19/10/2020
🎃Garden metaphor
Few things are as beautiful as a thriving garden, I reckon. There’s the obvious attraction of the senses, but deep down, there’s the metaphor that applies to us all. We cultivate our lives in a cyclical manner. Planting the seeds is an intricately connected process of adhering to the conditions we face, our current state of mind, our visions for what’s to come and the actions and choices we make each day.
I’ve spend many an hour in the garden. It was run down but I decided to revive it in a slow, methodical manner. I had a rough plan - a spatial alignment and a set of crops I wished to plant. Having a mother who’s spent the majority of her life as a gardener, I had a few ideas, but mostly, I learned the value of slowing down my own mind and allowing patience and a keen eye to move with the flow of the garden. Trust the plants, I kept telling myself. Trust that nature does not hurry, yet everything is accomplished.
The weather, the slugs, the mould, the soil acidity, the weeds… all factors beyond my preference, yet characteristics that cannot be separated from the life of a gardener. The vision of what I imagine to be a beautiful garden - like that of or the cover of any Garden magazine - became assimilated into the felt sense of joy seeing the stages of growth and decay. We as humans, after all, are only doing the same.

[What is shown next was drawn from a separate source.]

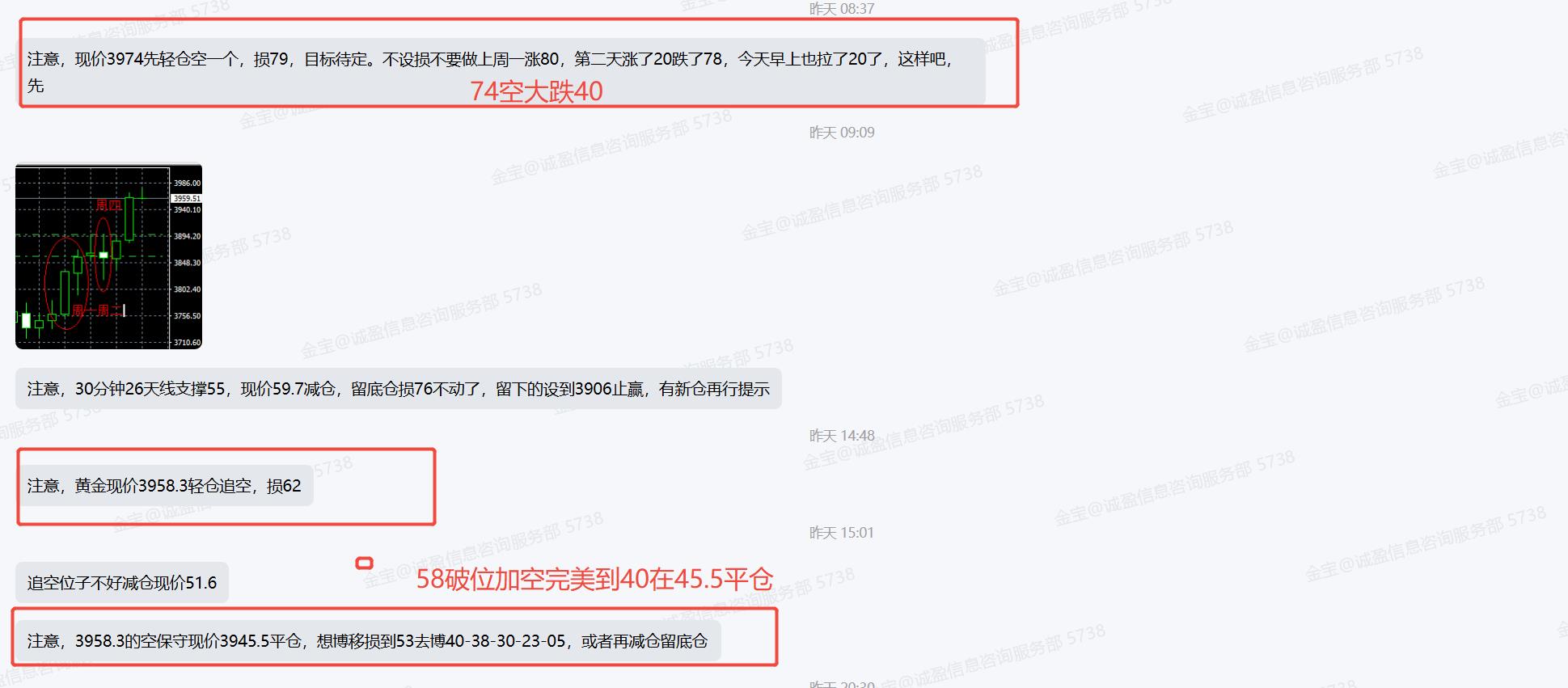 【XM外汇】：10.8黄金昨空大赚，今天时窗静待转折空头来临(图2)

As I harvest the final crops of the season - still have carrots and celery to go - I reflect on what it is to sow the seeds of life. It’s an embodiment of a deeper process of becoming more human. To see happiness and wellbeing not only in those moments with a belly full of plump berries and late summer sun lighting up your patch as if specifically intended for your prized crop. But to adjust and adapt to how our nature changes and is a shared phenomenon - a space to dwell but also to rejoice in the mystery of what we think may control, and what actually lays before us - just a unique opportunity to be with nature.